Harris does not mention sport, but a famous sporting dictum comes to mind, coined by the great West Indian writer C L R James, who asked: "What do they know of cricket, who only cricket know?" In other words, you can never truly excel in one discipline without embracing others. Hopkinson is its very embodiment, although it is mightily ironic that a man who observes that Britain is a nation of food lovers, only in the sense that we all love turning over the pristine pages of glossy cookery books while waiting for the microwave to ping, has finally gained the kudos he deserves thanks to a supermarket magazine.

A Life in Brief

BORN Lancashire, 5 June 1954

FAMILY Lives alone in west London.

EDUCATION Choral scholar at St John's College School, Oxford; apprenticed at age 17 to the restaurant La Normandie, in Birtle.

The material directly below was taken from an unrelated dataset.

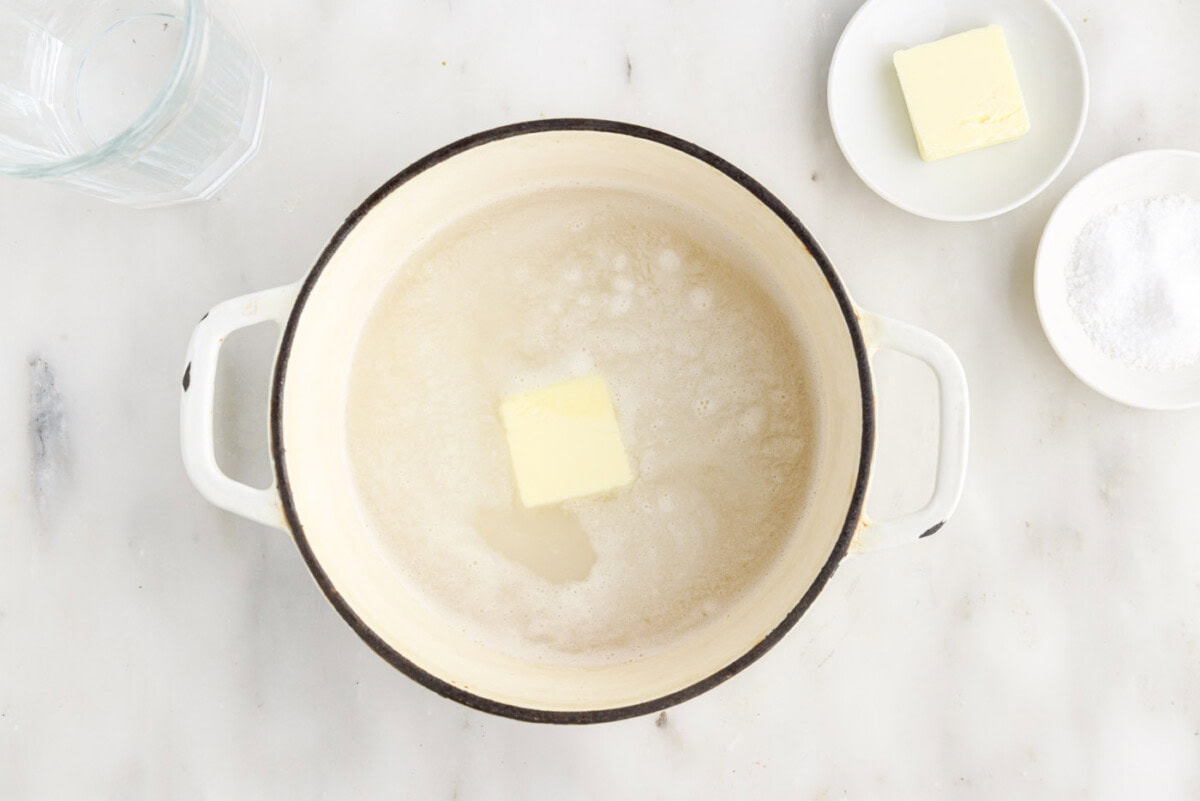 butter added to rice and water in a saucepan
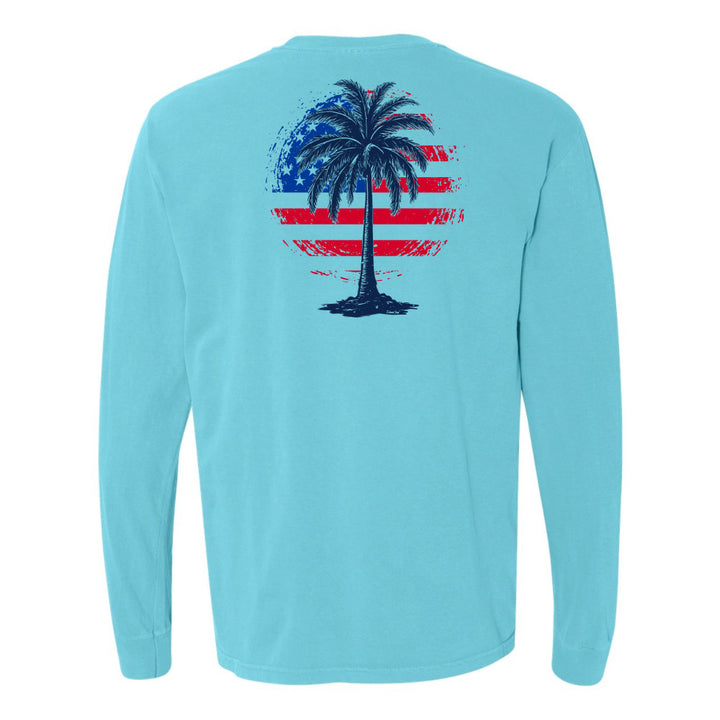 Light blue long-sleeve shirt with a palm tree and American flag design on the back against a white background.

CAREER At age 21 opened his first restaurant, The Shed, in Dinas, Wales. After a stint as an inspector for Egon Ronay Guides and as a private chef, he started Hilaire in west London. He launched Bibendum, in central London, with Terence Conran, in 1987. In 1994, he quit cooking following a breakdown, began writing about food for The Independent and published Roast Chicken and Other Stories (1994), followed by Gammon and Spinach and Other Recipes and The Prawn Cocktail Years.

AWARDS Glenfiddich Food Award (1995); Waitrose Food Illustrated Award for the most useful cookery book of all time (2005).

HE SAYS "I've concluded that I'm a cook, not a chef."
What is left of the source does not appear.